### [Work instructions]
Could you restate word for word only the lines below from the one holding "INVERSOR DE FREQUENCIA AGEON YF30 IR" to the one holding "JEEP WRANGLER 2016 1C4BJWFG9GL167074 image", inclusive, and leave out the pictures?

### [Data extracts]
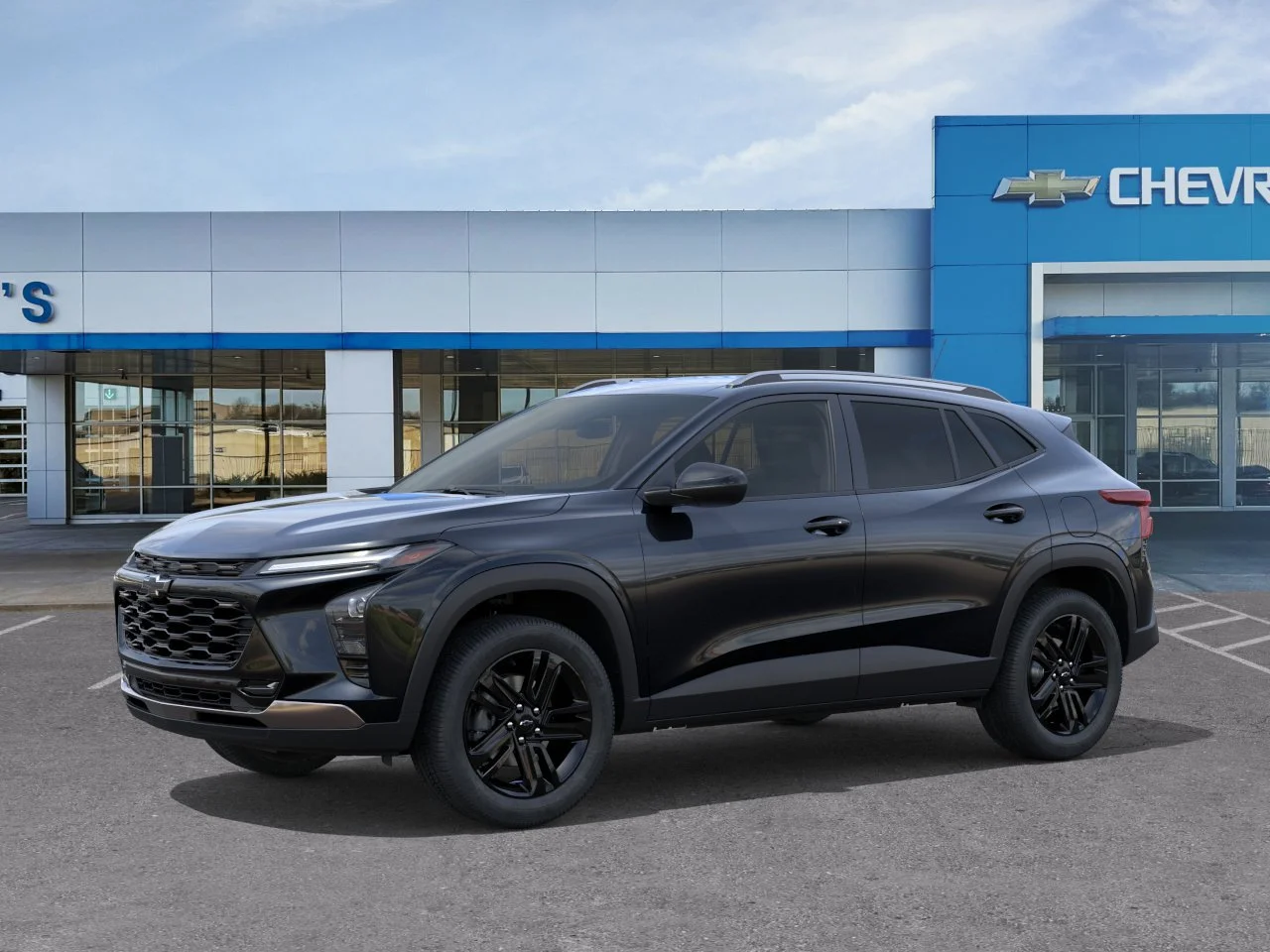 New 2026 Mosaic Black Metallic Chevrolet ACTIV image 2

==

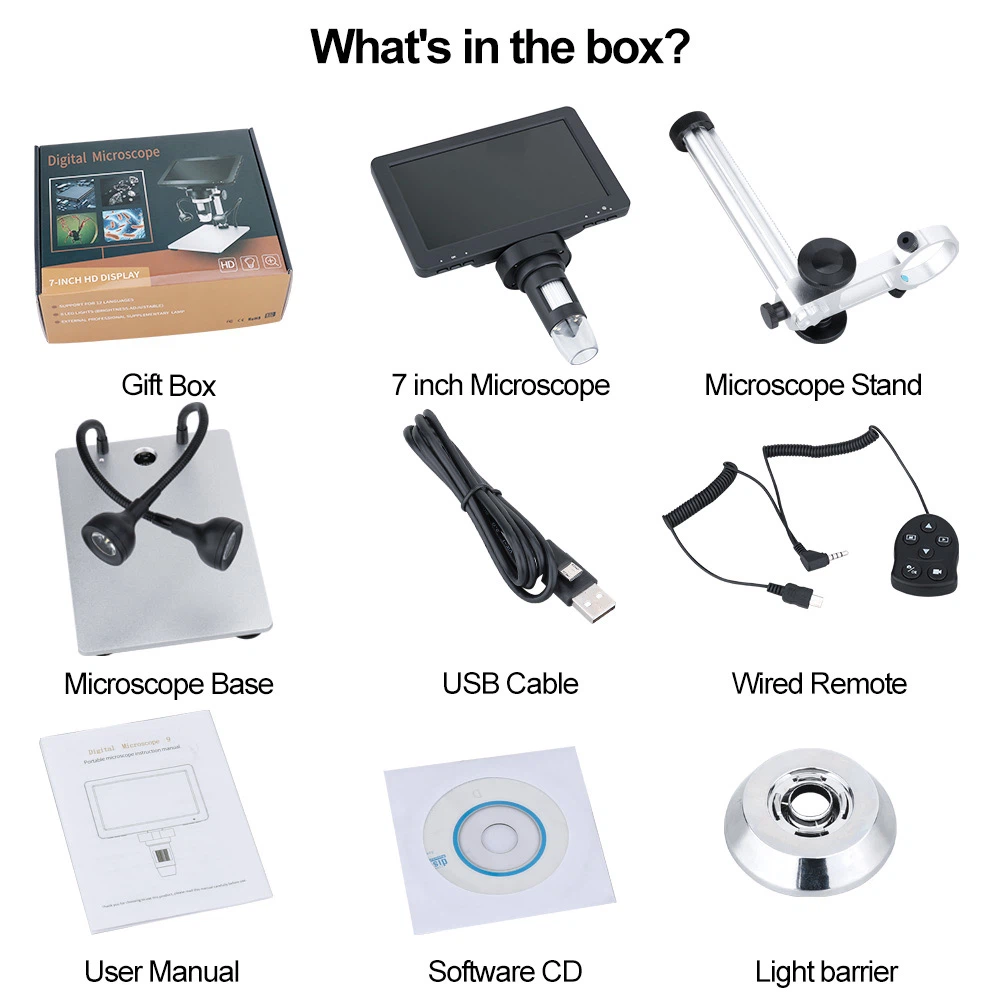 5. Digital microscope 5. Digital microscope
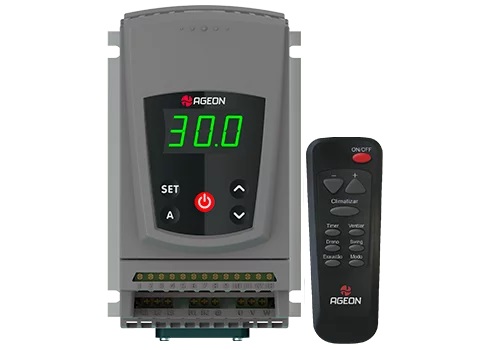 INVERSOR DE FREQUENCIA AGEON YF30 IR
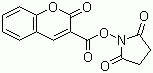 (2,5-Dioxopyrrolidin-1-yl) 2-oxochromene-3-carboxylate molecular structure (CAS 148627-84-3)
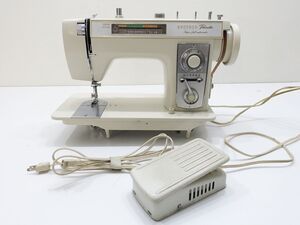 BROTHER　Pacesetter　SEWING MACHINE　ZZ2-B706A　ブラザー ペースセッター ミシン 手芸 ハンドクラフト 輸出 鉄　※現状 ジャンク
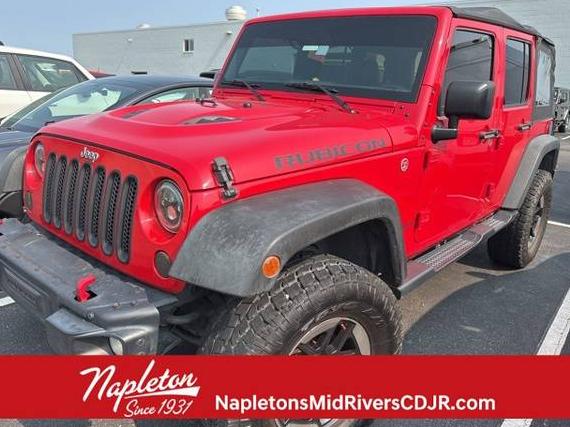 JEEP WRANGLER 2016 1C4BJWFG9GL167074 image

### [Written reply]
 INVERSOR DE FREQUENCIA AGEON YF30 IR
 (2,5-Dioxopyrrolidin-1-yl) 2-oxochromene-3-carboxylate molecular structure (CAS 148627-84-3)
 BROTHER　Pacesetter　SEWING MACHINE　ZZ2-B706A　ブラザー ペースセッター ミシン 手芸 ハンドクラフト 輸出 鉄　※現状 ジャンク
 JEEP WRANGLER 2016 1C4BJWFG9GL167074 image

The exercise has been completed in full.